God is alive, “eternal” and “immortal,” the “living God.” God is life, fully revealed and given in Jesus Christ (John 1:4). God shares life, through creation and redemption, with us and all that lives. Scripture reveals God as the source, goal, and Lord of all life.

God is the source of all life. In the beginning, God creates life in marvelous diversity, beauty, and goodness (Genesis 1-2). God breathes life into dust to create humankind (Genesis 2:7) and all living creatures (Psalm 104:30; Ecclesisastes 3:19). God’s Spirit is the giver of life (John 6:63; 2 Corinthians 3:6). In God “we live and move and have our being” (Acts 17:28).We receive life with thanksgiving as a gift from God.

God is the goal of all life. The Sabbath rest (Genesis 2:1-3) declares that God intends from the beginning a fellowship with all life (Exodus 20:9). We long for that coming kingdom where the whole earth knows the Lord, who will then dwell in our midst (Isaiah 11:9; Revelation 21) so that “the wolf shall live with the lamb…and a little child shall lead them” (Isaiah 11:6). We live life in hope as a journey toward God, who is life’s goal (1 Corinthians 15:24-28; Romans 8).
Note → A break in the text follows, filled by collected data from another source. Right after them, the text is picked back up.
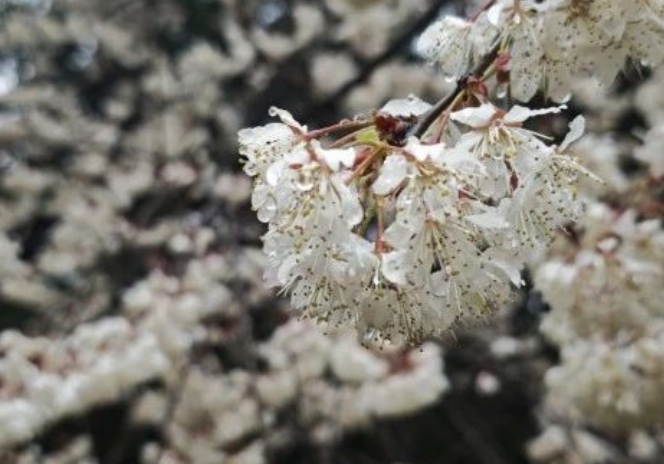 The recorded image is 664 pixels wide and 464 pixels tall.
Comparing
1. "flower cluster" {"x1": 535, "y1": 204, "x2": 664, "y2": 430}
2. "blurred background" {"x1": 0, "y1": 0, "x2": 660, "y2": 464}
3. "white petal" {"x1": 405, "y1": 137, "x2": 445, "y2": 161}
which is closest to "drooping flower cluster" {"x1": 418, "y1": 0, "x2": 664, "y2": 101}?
"white petal" {"x1": 405, "y1": 137, "x2": 445, "y2": 161}

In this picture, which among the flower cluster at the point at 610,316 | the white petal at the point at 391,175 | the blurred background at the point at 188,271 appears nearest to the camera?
the white petal at the point at 391,175

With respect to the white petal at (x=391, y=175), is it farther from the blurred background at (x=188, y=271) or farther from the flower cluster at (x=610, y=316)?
the blurred background at (x=188, y=271)

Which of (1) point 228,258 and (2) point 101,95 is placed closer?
(1) point 228,258

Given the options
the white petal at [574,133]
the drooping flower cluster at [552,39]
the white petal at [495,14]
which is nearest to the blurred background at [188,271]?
the drooping flower cluster at [552,39]

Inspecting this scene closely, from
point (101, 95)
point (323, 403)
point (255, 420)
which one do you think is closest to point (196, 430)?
point (255, 420)

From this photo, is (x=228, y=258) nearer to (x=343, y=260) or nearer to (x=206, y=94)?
(x=206, y=94)

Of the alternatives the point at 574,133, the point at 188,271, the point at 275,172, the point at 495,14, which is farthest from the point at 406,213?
the point at 188,271

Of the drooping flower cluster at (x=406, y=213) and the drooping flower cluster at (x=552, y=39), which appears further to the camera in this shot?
the drooping flower cluster at (x=552, y=39) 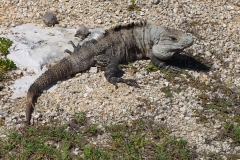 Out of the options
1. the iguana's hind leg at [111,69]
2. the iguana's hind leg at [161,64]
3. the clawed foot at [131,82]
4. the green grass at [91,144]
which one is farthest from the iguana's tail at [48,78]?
the iguana's hind leg at [161,64]

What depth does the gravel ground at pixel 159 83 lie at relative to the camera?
5777mm

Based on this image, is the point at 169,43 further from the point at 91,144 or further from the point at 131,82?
the point at 91,144

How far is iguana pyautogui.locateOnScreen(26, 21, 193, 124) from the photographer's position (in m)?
6.55

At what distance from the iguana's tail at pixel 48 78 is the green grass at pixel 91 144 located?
37 centimetres

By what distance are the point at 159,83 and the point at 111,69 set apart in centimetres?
81

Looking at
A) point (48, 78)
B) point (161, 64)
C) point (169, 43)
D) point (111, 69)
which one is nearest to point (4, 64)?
point (48, 78)

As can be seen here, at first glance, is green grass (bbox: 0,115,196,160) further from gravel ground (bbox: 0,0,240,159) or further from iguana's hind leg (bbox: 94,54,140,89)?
iguana's hind leg (bbox: 94,54,140,89)

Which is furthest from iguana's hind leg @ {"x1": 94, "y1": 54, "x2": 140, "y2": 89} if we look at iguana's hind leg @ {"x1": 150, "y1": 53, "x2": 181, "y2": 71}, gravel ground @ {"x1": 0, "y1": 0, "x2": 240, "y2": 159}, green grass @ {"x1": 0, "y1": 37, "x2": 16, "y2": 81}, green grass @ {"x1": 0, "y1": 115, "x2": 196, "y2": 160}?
green grass @ {"x1": 0, "y1": 37, "x2": 16, "y2": 81}

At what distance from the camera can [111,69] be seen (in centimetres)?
666

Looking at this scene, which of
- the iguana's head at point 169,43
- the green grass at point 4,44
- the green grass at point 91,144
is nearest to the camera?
the green grass at point 91,144

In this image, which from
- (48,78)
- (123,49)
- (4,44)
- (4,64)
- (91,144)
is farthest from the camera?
(123,49)

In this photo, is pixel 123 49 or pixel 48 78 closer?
pixel 48 78

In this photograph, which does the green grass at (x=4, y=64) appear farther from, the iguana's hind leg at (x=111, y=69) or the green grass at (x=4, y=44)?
the iguana's hind leg at (x=111, y=69)

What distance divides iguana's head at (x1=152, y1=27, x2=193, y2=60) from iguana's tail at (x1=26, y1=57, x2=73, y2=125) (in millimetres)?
1600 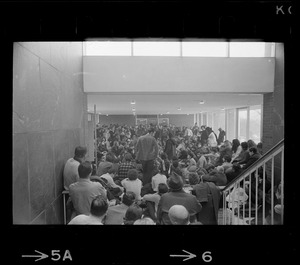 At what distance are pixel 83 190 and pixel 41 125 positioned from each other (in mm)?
555

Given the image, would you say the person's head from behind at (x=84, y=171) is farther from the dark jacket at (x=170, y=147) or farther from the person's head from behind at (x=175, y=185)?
the dark jacket at (x=170, y=147)

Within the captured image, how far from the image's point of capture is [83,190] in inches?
78.2

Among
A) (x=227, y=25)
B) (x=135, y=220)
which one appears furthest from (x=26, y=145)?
(x=227, y=25)

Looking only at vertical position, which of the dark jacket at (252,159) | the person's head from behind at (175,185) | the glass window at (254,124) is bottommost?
the person's head from behind at (175,185)

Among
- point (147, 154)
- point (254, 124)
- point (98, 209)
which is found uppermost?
point (254, 124)

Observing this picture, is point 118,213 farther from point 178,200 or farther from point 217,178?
point 217,178

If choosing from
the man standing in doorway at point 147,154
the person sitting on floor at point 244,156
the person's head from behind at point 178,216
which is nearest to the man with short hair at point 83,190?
the person's head from behind at point 178,216

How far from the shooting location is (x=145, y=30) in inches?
34.5

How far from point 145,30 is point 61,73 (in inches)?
59.8

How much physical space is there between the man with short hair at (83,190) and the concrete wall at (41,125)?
0.50ft

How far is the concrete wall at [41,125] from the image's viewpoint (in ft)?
4.31

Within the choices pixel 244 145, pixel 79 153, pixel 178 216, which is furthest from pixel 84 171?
pixel 244 145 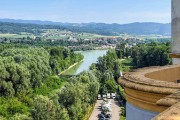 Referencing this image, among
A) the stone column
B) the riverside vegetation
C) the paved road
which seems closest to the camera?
the stone column

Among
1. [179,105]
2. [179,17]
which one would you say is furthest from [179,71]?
[179,105]

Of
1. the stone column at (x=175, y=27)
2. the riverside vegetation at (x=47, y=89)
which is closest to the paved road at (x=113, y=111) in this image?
the riverside vegetation at (x=47, y=89)

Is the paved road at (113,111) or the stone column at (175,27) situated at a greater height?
the stone column at (175,27)

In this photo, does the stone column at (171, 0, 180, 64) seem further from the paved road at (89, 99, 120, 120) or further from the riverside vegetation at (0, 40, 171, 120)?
Answer: the paved road at (89, 99, 120, 120)

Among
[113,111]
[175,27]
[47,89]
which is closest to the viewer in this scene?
[175,27]

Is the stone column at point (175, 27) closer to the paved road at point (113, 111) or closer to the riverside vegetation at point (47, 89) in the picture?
the riverside vegetation at point (47, 89)

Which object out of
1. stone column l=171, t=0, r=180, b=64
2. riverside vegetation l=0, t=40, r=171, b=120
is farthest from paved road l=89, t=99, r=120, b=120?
stone column l=171, t=0, r=180, b=64

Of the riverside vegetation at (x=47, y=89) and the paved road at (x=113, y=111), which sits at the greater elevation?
the riverside vegetation at (x=47, y=89)

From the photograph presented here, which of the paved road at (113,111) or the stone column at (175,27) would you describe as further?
the paved road at (113,111)

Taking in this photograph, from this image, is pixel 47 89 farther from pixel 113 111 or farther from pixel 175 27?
pixel 175 27

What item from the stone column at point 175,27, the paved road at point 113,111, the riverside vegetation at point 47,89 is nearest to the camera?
the stone column at point 175,27

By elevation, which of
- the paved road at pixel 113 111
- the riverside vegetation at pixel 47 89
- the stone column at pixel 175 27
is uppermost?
the stone column at pixel 175 27

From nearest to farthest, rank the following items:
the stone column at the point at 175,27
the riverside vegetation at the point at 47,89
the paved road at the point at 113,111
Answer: the stone column at the point at 175,27
the riverside vegetation at the point at 47,89
the paved road at the point at 113,111

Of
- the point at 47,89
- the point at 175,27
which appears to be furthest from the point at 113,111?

God is the Lord of all life. God directed us to “be fruitful and multiply” (Genesis 1:22, 28), provided food (Genesis 1:29-30; 9:2-4; cf. Matthew 6:25), and calls us to exercise stewardship over life on earth (Genesis 1:26, Psalm 8:6-8). In Passover and exodus, God called Israel from serving dead idols to living life abundantly in a land flowing with milk and honey (Exodus 3:8). In Jesus’s resurrection, the church was “born anew to a living hope” (1 Peter 1:3) as we are “made alive in Christ” (1 Corinthians 15:22). Our deliverance from death to life means that we must faithfully serve life, for we serve life’s risen Lord (Colossians 3:17).

Jesus Christ came that all “may have life, and have it abundantly” (John 10:10). Jesus’s feedings and healings show us that abundant life includes both basic needs and the body’s health. Yet his suffering and death declare that neither biological existence nor bodily health is an ultimate good (see 1 Corinthians 15:53). Abundant life includes reconciled community; Jesus breaks down every “dividing wall of hostility” (Ephesians 2:14) so that we might “pursue peace with everyone” (Matthew 5:9; Hebrews 12:14). Abundant life serves others as Jesus did, fulfilling both the law and the prophets by embodying love for all (Exodus 22; Isaiah 58; Matthew 25). God ultimately intends abundant life for the community of all—humanity and every creature and the cosmos itself—reconciled to God in Christ (Ephesians 1:10).

The Call

We are called in Christ to be “a fragrance from life to life” (2 Corinthians 2:16).Receiving new life in Christ calls us to seek abundant life for all in grateful response, hopeful anticipation, and joyous service to Christ. We are for life because God is for life (Matthew 22:32). We are called to be consistently for life because God values all life (Jonah 4:11; Matthew 6:26).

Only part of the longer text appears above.